"Je me considère comme une miraculée" : une rescapée de Boutcha témoigne sur BFMTV

Anna Pulonskaya a fui la ville ukrainienne avec son mari Anton alors qu'elle était enceinte. Alors que leur véhicule a été visé par des tirs russes, elle a perdu son époux, puis quelques jours plus tard leur enfant à naître.

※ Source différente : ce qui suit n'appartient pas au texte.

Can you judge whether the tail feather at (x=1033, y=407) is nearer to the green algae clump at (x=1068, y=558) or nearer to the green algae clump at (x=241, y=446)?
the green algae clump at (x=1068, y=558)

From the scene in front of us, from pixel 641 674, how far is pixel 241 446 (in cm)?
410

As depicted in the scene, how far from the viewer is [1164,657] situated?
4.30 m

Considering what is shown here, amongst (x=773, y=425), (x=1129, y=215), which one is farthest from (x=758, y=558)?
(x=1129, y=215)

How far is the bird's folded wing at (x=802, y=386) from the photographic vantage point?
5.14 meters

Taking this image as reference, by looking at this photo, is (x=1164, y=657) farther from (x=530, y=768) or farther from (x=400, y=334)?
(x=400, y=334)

Ce risque, ils l'ont pris d'un commun accord. Le 4 mars dernier, Anna Pulonskaya et son époux Anton prennent la décision de fuir la ville de Boutcha, où ils résident avec leur chien. Alors que la ville est le théâtre d'exactions de militaires russes, la jeune Ukrainienne enceinte et son compagnon prennent la route avec leur véhicule marqué d'un ruban blanc en signe de pacifisme.

"On a pu faire à peine cinq minutes en voiture, à peine un kilomètre et demi depuis notre maison, qu'on a été mitraillés par un char", raconte-t-elle sur BFMTV ce lundi soir. "Mon mari a été tué sur le coup et j'ai eu de la chance, je me considère comme miraculée", poursuit Anna. "C'était tellement horrible que je n'ai pas envie d'y repenser".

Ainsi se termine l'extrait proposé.